● Records for the exercise:
● ● ● ● ●
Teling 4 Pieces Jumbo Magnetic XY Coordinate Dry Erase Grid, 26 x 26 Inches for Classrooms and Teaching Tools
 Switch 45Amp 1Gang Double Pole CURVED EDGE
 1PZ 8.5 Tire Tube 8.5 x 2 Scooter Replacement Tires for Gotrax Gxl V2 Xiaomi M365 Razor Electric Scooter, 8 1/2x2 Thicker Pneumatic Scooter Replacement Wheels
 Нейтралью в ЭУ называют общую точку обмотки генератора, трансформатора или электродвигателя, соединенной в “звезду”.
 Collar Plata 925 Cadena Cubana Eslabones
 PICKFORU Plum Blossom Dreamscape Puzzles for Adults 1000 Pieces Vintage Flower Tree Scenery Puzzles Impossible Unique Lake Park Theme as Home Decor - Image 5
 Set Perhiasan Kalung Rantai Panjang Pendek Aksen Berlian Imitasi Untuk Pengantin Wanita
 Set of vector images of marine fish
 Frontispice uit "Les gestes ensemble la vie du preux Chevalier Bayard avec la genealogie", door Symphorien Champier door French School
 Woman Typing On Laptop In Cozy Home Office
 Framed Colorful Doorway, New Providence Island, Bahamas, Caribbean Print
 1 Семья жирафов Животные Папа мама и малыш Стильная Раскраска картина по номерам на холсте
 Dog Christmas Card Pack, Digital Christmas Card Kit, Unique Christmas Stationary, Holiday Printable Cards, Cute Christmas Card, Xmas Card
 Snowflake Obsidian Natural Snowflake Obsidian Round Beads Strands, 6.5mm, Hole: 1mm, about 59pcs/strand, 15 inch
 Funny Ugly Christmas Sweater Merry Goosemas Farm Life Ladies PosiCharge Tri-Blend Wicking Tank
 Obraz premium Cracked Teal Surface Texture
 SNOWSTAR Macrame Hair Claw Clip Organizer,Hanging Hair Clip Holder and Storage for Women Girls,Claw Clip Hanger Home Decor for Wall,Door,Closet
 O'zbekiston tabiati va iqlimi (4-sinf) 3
● ● ● ● ●
● What the task requires: Of the lines above, copy each one that contains the word "Unique".

● Result of the exercise:
 PICKFORU Plum Blossom Dreamscape Puzzles for Adults 1000 Pieces Vintage Flower Tree Scenery Puzzles Impossible Unique Lake Park Theme as Home Decor - Image 5
 Dog Christmas Card Pack, Digital Christmas Card Kit, Unique Christmas Stationary, Holiday Printable Cards, Cute Christmas Card, Xmas Card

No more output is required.